Running in the formative years. Nice scrunchie.Now, I drive around my hometown, and every street has a memory of a run. I remember the streets I ran on the day before the State track meet, when I felt like a million bucks and just knew I was going to run out of my mind the next day (I did). I remember the run I did in the middle of a blizzard, when snowflakes froze to my eyelashes. I remember that run on Christmas day, right after I'd gotten some cool, boot-leg running pants, when I tripped on my pant leg and wiped out not once, but TWICE , within a single mile. I remember that perfect fall day, when the leaves had all changed, the sky was blue, suddenly, everything felt effortless and I just kept running, around and around and around the same block because I never wanted to stop. I remember the time, days after I'd broken up with the man I thought I was going to marry, when I cried during the entire last 5 miles of my run, snotting and choking and not caring who saw me, but finished feeling so much better, so ready to deal with my new situation. I remember (even a little fondly) the summer before my freshman year of college, when, scholarship in hand, I was so desparate to impress my new track/ cross country coach that I promptly threw away his pre-season plan and ran 395 miles in ONE month, never with fuel, never with water, just stopping at a library here and there when I was thirsty. One guess how well that little experiment worked (hint: it did not).
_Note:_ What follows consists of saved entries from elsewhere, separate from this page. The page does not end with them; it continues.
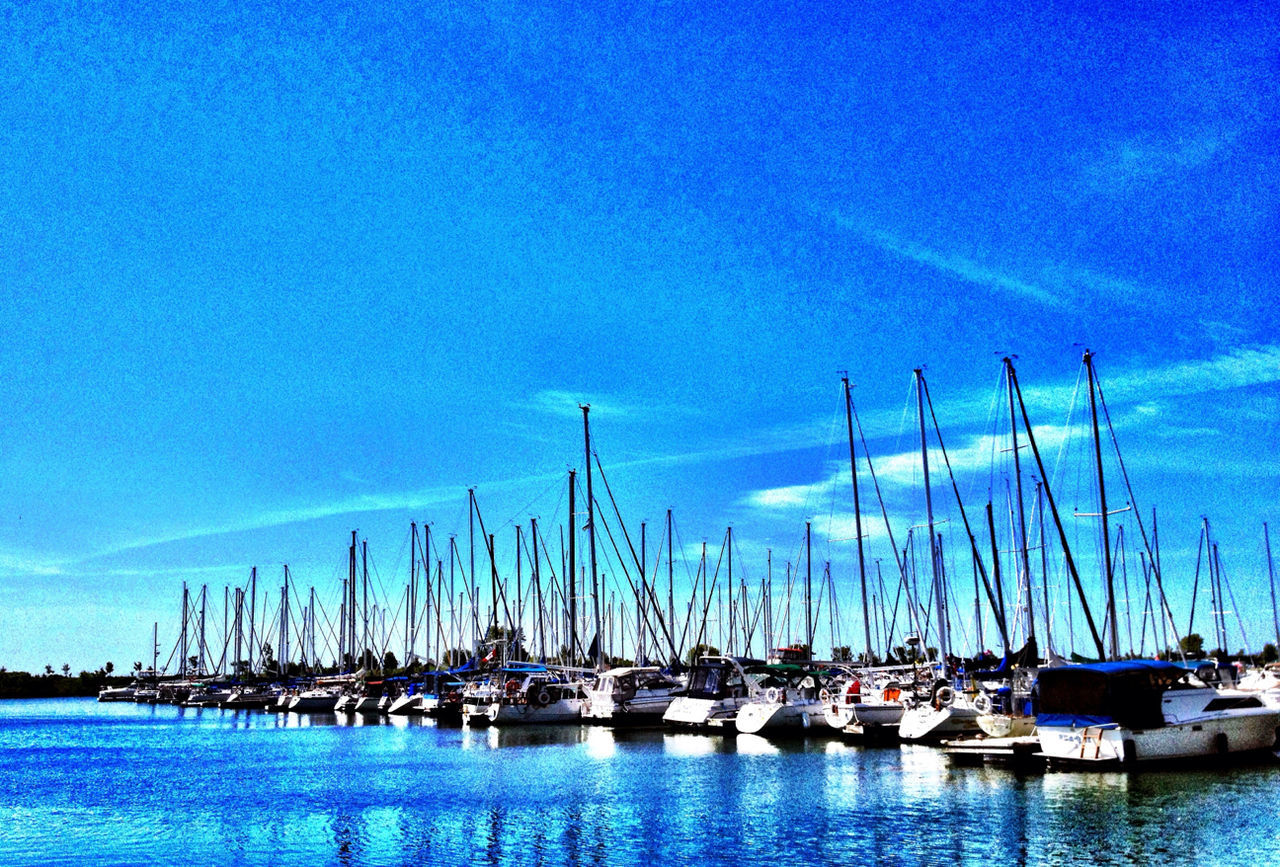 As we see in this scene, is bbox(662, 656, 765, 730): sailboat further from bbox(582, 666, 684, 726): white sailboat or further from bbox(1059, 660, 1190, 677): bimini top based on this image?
bbox(1059, 660, 1190, 677): bimini top

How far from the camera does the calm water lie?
2592 cm

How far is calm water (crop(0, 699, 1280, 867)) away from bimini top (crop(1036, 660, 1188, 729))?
1971 millimetres

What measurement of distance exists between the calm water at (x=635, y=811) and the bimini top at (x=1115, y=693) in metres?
1.97

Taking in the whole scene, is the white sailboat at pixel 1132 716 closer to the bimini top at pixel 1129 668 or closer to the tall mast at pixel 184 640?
the bimini top at pixel 1129 668

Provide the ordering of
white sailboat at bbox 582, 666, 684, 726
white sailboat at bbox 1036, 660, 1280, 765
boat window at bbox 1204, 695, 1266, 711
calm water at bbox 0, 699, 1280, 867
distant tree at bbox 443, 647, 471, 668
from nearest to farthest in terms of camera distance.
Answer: calm water at bbox 0, 699, 1280, 867 < white sailboat at bbox 1036, 660, 1280, 765 < boat window at bbox 1204, 695, 1266, 711 < white sailboat at bbox 582, 666, 684, 726 < distant tree at bbox 443, 647, 471, 668

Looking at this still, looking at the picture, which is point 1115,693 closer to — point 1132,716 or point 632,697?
point 1132,716

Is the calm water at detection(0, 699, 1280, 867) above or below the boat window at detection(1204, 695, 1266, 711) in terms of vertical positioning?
below

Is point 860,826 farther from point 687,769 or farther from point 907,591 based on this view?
point 907,591

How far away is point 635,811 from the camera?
3269 centimetres

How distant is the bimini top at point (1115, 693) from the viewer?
36.8 m

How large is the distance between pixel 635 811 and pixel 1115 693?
16.9 meters

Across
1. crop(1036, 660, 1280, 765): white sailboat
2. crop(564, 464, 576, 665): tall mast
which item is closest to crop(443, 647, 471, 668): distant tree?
crop(564, 464, 576, 665): tall mast

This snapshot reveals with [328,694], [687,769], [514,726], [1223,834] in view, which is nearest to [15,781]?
[687,769]

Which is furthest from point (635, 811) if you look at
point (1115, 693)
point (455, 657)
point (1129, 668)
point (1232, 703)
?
point (455, 657) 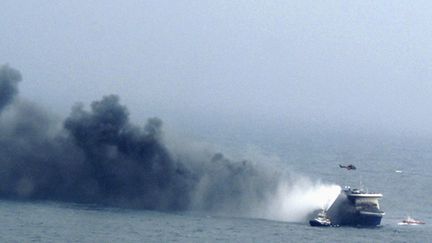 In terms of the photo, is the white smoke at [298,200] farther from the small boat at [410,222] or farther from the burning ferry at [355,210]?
the small boat at [410,222]

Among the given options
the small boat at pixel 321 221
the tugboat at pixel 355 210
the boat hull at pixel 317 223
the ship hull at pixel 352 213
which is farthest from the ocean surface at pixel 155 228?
the tugboat at pixel 355 210

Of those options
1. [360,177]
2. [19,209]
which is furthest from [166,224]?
[360,177]

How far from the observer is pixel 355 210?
13888 cm

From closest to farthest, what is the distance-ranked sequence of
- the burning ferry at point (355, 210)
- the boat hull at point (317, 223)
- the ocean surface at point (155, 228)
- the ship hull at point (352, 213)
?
the ocean surface at point (155, 228) < the boat hull at point (317, 223) < the ship hull at point (352, 213) < the burning ferry at point (355, 210)

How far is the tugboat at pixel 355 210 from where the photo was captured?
138 m

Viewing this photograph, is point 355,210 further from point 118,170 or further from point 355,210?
point 118,170

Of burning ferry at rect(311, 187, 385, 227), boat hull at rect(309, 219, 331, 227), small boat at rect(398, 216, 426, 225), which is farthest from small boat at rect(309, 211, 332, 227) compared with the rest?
small boat at rect(398, 216, 426, 225)

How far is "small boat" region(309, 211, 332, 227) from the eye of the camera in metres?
136

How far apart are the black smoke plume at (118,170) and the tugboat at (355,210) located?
10131mm

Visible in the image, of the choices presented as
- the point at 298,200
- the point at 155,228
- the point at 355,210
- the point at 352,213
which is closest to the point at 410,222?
the point at 355,210

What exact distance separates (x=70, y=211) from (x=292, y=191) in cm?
3208

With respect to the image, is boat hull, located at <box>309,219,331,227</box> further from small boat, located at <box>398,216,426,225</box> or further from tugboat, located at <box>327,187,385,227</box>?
small boat, located at <box>398,216,426,225</box>

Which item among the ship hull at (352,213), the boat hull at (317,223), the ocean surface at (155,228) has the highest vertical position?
the ship hull at (352,213)

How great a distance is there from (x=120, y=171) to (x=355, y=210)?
3385 centimetres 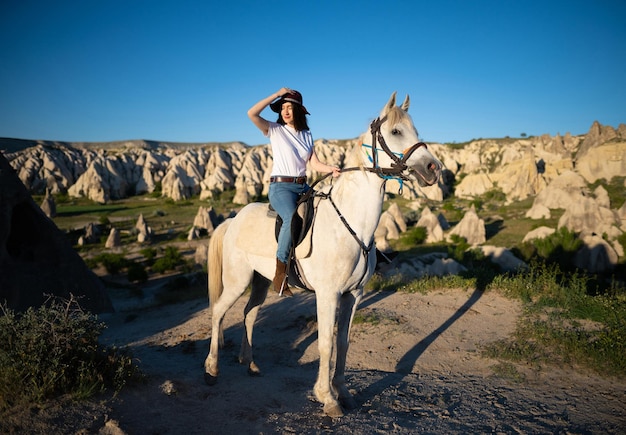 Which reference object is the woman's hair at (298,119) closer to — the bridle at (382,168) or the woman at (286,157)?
the woman at (286,157)

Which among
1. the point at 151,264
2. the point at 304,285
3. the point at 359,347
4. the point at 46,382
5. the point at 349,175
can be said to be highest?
the point at 349,175

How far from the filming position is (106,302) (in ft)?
40.3

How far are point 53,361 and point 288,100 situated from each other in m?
3.54

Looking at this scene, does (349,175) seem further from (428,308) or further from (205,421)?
(428,308)

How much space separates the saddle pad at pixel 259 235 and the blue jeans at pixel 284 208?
301 mm

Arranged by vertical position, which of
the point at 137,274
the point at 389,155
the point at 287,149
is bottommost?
the point at 137,274

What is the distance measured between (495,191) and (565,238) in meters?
36.0

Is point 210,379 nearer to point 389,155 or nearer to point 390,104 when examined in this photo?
point 389,155

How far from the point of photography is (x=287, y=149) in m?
4.07

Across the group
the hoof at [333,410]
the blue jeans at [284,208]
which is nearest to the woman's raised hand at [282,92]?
the blue jeans at [284,208]

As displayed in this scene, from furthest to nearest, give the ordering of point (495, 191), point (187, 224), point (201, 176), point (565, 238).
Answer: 1. point (201, 176)
2. point (495, 191)
3. point (187, 224)
4. point (565, 238)

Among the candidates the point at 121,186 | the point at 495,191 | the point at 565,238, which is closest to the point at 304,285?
the point at 565,238

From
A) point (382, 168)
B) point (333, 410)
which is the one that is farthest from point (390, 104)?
point (333, 410)

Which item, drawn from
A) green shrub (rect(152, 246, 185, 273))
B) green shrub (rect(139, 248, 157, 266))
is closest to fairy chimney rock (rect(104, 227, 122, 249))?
green shrub (rect(139, 248, 157, 266)) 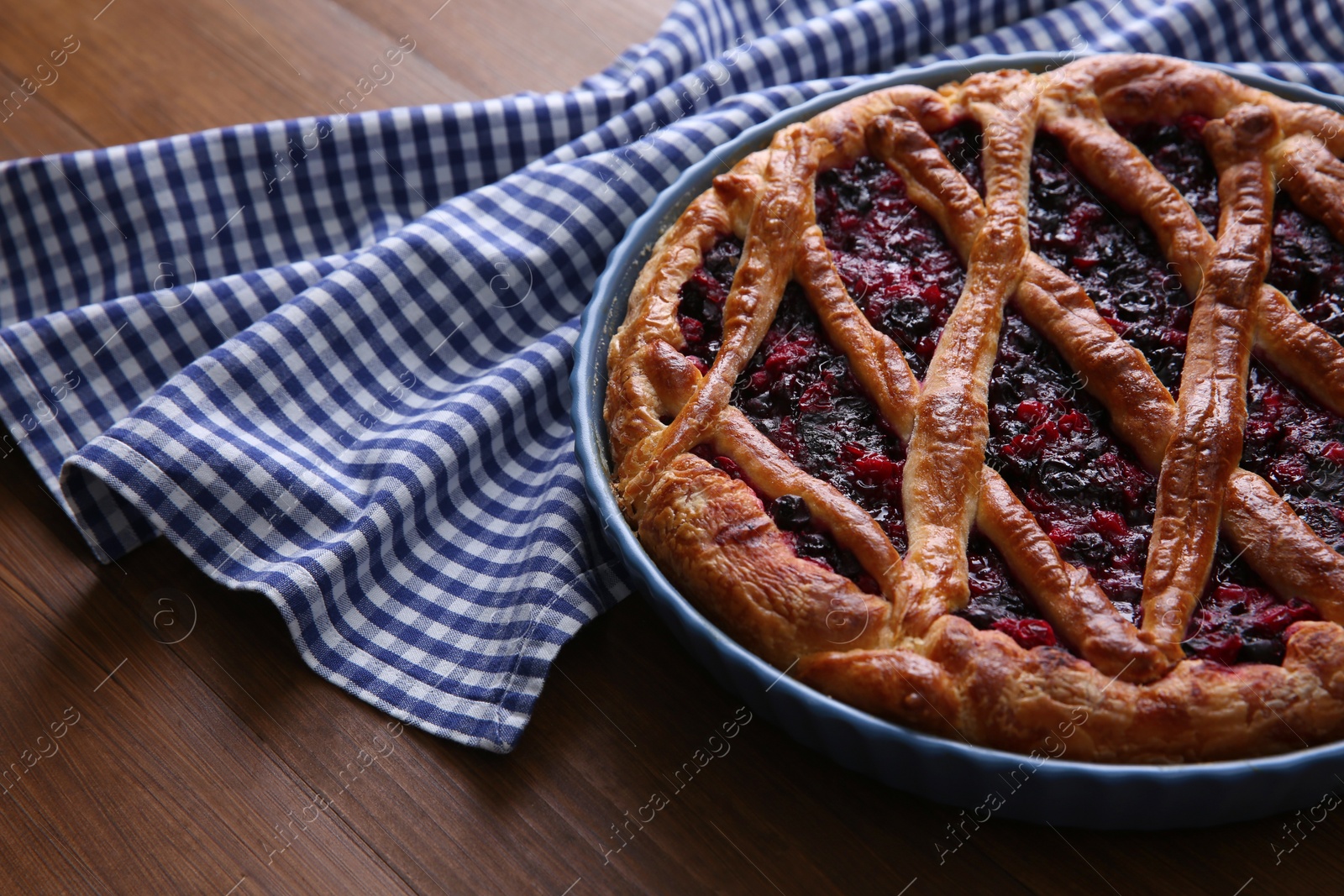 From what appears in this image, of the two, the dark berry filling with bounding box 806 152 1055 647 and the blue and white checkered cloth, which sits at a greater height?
the dark berry filling with bounding box 806 152 1055 647

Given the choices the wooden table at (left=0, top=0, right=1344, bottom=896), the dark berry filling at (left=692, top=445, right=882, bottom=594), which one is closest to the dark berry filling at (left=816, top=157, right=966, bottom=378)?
the dark berry filling at (left=692, top=445, right=882, bottom=594)

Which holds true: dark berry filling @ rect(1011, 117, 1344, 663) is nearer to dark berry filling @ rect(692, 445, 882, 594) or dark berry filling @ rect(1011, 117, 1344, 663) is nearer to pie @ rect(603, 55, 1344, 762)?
pie @ rect(603, 55, 1344, 762)

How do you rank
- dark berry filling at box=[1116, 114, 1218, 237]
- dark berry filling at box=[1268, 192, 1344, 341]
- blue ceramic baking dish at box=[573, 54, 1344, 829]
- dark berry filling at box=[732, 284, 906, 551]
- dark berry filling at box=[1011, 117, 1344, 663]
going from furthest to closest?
1. dark berry filling at box=[1116, 114, 1218, 237]
2. dark berry filling at box=[1268, 192, 1344, 341]
3. dark berry filling at box=[732, 284, 906, 551]
4. dark berry filling at box=[1011, 117, 1344, 663]
5. blue ceramic baking dish at box=[573, 54, 1344, 829]

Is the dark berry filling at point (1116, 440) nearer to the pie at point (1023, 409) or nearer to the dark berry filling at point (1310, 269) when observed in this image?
→ the pie at point (1023, 409)

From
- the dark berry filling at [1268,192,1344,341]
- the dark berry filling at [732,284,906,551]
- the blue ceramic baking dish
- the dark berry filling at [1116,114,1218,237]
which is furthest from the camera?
the dark berry filling at [1116,114,1218,237]

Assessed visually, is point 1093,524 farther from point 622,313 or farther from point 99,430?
point 99,430

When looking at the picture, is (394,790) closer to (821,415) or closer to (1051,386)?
(821,415)

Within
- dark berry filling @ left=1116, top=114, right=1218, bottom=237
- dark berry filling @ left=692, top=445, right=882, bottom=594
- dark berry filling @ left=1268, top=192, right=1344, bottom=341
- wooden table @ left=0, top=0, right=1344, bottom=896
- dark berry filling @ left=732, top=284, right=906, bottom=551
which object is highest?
dark berry filling @ left=1116, top=114, right=1218, bottom=237

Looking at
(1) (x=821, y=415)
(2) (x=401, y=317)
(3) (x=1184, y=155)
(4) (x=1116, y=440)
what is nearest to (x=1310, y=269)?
(3) (x=1184, y=155) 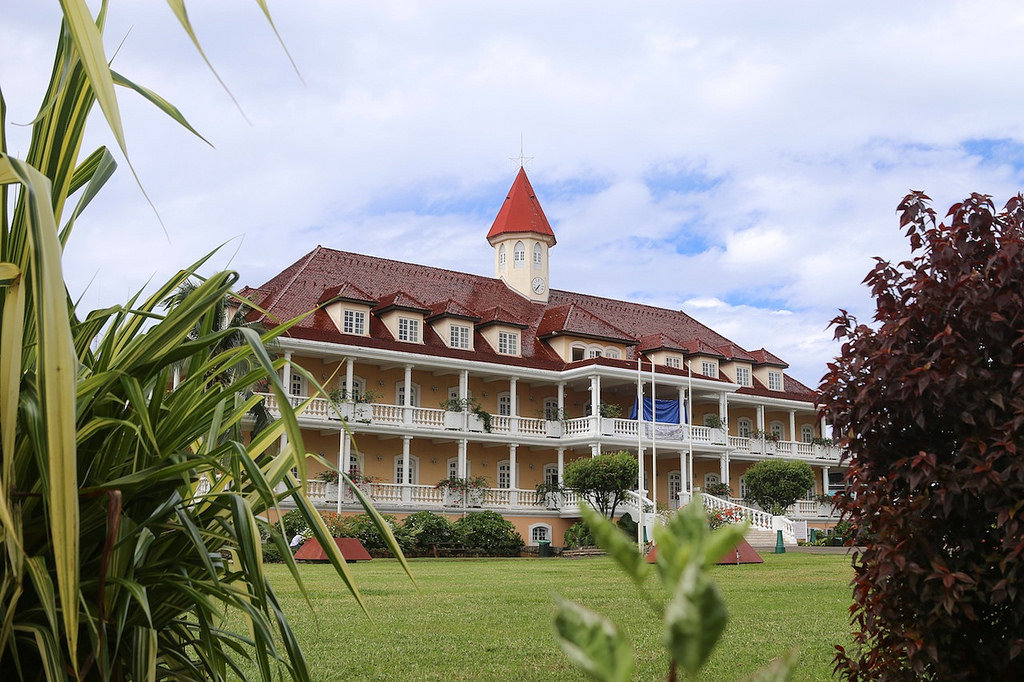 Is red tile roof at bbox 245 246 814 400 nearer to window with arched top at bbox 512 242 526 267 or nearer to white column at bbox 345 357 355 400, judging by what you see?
white column at bbox 345 357 355 400

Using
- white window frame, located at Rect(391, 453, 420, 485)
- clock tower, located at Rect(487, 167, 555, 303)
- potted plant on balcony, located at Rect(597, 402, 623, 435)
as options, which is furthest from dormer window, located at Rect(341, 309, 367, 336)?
clock tower, located at Rect(487, 167, 555, 303)

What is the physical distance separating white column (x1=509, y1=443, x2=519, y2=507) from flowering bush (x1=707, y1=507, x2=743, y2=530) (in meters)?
6.64

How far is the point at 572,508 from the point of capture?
3428cm

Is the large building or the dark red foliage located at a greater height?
the large building

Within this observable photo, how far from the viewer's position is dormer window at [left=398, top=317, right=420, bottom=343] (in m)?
34.2

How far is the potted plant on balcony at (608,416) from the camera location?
114ft

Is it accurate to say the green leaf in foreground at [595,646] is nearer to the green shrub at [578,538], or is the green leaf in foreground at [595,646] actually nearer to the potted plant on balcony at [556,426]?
the green shrub at [578,538]

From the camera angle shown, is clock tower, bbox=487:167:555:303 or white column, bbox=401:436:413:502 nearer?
white column, bbox=401:436:413:502

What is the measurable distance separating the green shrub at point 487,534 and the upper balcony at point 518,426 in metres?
4.89

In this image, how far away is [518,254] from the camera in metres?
40.7

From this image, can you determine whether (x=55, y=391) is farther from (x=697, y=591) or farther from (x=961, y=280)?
(x=961, y=280)

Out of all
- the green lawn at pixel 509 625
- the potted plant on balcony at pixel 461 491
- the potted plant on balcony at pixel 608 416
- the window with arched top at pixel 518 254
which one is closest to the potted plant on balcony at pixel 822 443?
the potted plant on balcony at pixel 608 416

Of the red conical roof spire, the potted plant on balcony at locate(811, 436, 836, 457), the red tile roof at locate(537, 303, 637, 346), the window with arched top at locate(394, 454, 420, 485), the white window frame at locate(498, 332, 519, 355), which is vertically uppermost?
the red conical roof spire

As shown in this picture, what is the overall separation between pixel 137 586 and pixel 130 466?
574 mm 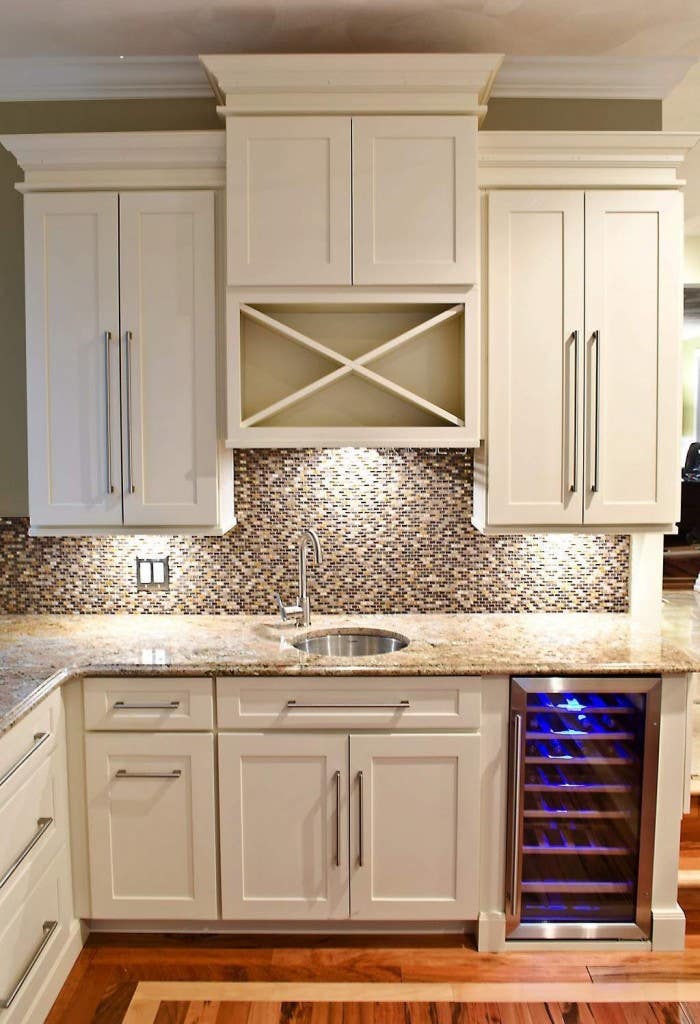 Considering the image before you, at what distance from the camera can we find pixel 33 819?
1982mm

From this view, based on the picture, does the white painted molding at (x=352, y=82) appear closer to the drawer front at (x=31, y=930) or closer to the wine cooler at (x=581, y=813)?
the wine cooler at (x=581, y=813)

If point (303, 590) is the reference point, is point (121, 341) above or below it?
above

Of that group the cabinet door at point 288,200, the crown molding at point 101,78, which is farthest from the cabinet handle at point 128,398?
the crown molding at point 101,78

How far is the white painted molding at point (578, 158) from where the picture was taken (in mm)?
2395

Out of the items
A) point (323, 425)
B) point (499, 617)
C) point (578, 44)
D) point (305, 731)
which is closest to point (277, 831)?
point (305, 731)

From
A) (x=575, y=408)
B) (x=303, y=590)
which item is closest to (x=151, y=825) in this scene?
(x=303, y=590)

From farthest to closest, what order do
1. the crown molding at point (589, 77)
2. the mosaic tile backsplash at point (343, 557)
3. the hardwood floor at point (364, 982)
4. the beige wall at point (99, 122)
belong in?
the mosaic tile backsplash at point (343, 557), the beige wall at point (99, 122), the crown molding at point (589, 77), the hardwood floor at point (364, 982)

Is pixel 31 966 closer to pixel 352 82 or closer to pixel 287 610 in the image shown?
pixel 287 610

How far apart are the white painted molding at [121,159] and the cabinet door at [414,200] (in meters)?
0.47

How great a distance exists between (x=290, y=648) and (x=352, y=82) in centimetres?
175

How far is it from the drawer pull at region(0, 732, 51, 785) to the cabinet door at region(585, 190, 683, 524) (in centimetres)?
177

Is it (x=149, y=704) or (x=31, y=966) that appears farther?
(x=149, y=704)

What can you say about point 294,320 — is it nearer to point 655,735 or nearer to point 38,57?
point 38,57

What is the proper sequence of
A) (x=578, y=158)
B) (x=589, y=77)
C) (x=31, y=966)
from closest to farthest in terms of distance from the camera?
1. (x=31, y=966)
2. (x=578, y=158)
3. (x=589, y=77) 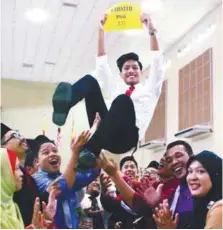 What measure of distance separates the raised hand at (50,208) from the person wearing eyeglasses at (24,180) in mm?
29

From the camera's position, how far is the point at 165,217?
6.85 ft

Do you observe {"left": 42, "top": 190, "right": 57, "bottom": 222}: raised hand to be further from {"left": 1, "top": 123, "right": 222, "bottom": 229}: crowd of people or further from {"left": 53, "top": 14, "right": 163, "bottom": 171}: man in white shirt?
{"left": 53, "top": 14, "right": 163, "bottom": 171}: man in white shirt

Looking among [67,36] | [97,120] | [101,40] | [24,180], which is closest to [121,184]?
[97,120]

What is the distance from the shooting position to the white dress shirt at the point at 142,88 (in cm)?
214

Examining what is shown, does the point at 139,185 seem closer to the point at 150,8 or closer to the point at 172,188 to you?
the point at 172,188

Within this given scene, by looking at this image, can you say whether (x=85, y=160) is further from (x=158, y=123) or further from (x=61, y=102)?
(x=158, y=123)

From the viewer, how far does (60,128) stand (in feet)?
7.20

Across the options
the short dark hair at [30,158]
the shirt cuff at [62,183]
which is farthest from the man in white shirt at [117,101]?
the short dark hair at [30,158]

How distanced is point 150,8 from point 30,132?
107cm

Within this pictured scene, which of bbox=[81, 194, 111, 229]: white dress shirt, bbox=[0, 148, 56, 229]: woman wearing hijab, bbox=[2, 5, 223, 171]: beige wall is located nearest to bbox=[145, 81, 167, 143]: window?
bbox=[2, 5, 223, 171]: beige wall

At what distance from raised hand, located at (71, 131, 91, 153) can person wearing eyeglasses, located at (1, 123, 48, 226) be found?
0.26 meters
These memories, however, make me a little sad. Because a week after my last race of the season, and I'm very well aware that right now, the running leg of the triathlon is my weakness. The run training is that which I dread the most, that which causes me the most anxiety. It no longer feels natural. I no longer derive any joy. I wear my Garmin, obsess over my splits and often bring music to block out my own thoughts. In races, I get to the last few miles of the bike, and I'm scared of what comes next. I train (relatively) fast, and then, for whatever reason, probably mostly mental, race (relatively) slow. I tell myself that I can't keep up with the other girls, that they're REAL runners and I am not. For someone who truly was once a runner, who used to love to run, need to run, and run...well, a whole lot better than I do now.... that's a hard place to be in.
So I think tomorrow, against all advice to the contrary, I'm going to get out there and do a little run on the roads where I first started. No Garmin. No plan. I need to channel that 13-year old, the one who had no clue about running, who did everything wrong, who didn't own appropriate clothing for the weather or know ANYTHING about pacing, but just got out there to run because it felt good and seemed like a decent idea. I need to remember those days when I started a run with no destination and no watch--- I'll just head that-a-way, until I get tired, and then I'll run home. I'm going to seek out the joy, try to regain the love that I first felt almost 20 years ago.
And then, maybe, I'll finish up that damn race report.